8.Trench coats/coats exceeding jacket length
11. Jewelry or other items which could be regarded or used as a weapon (i.e., belt buckles that
conceal weapons, studded belts or collars, large rings, etc.)

“Yes, the dress code is definitely sexist towards girls,” says Marques Ventura, a senior, when
asked for his thoughts on the issue of sexist tendencies in the school dress code.

“I bet you nine times out of ten, I can come in with a penny and a teacher wouldn’t bat an eye;
but if a female did, it would be an issue. There are guys that are not wearing fingertip length
shorts, take me for example, and are still not getting dress coded as opposed to females.”
It seems that even from a male perspective as a student, female students a target when it comes
to school dress codes. While female student violations result in a call home for skirt not
fingertip- length, male students are simply told to pull up their pants while the entirety of their
undergarments are hanging out of their pants. To which afterward are immediately adjusted to
their original exposure with no recognition. Although these two policies do target male students,
they both are policies against violence and articles of clothing, rather than the five dress code
policies that target female students for their physical bodies. While male students are restricted
from wearing clothing because they are associated with violence, female students are restricted
from wearing attire that accentuates the bodies they are born with and are in for the rest of their
lives. What message does this send to the young adults in a school environment? That young
men are more entitled to their own bodies than young women are? This sexism in dress codes is
what leads to the decay of self-confidence and self-love for young women; it tells them that even
a slight exposure of their bodies will be met with shame. This ideology is what leads to the male
mentality that it is appropriate or even acceptable to go shirtless to a football game on school
grounds. How will this affect the image young women will have for themselves later on in their
future years of school and adulthood? Not the problem of the high school, I suppose this is the
perspective chosen when enforcing policies like these.

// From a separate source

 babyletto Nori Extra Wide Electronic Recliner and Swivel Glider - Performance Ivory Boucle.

High school is where thousands of students will spend majority of their lives for four years, and
in those years students are surrounded by their peers and teachers/staff they are meant to respect
and look up to. A sexist dress code impacts their experience and the memories of high school
that they keep with us forever. Memories that can be much more pleasant without the
remembrance of being shamed in front of our peers for even daring to have breasts. Those of
which hardly cause a “distraction,” ( the reason often given for covering up young womens
breasts) compared to the cellphones that are actually often used as a distraction in the classroom.
The effect of a sexist dress code? Fear for females. Entitlement for males.

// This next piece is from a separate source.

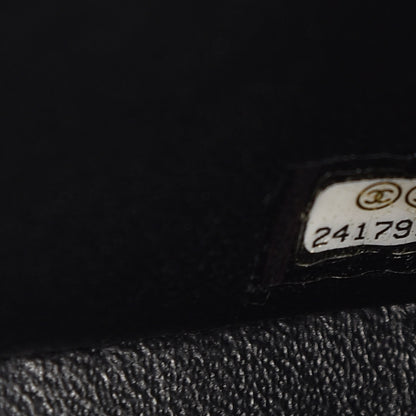 Chanel Crumpled Calfskin Quilted Mini Square Flap So Black 7 of 8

This article was read by Principal Abney and by the Administration team at Woodbridge Senior
High School. After meeting with Mrs.Abney about the article having been taken down, the
author of the article was brought to an administrator meeting to discuss the contents of the article
and the actions that could be taken to correct some of the behavior called out in the work. After
the discussion of some possible changes in the ethics of the school pertaining to the enforcement
of the dress code, the writer was inducted into the PWCS Code of Behavior Committee, in hopes
of further, more countywide, development of the the code behavior.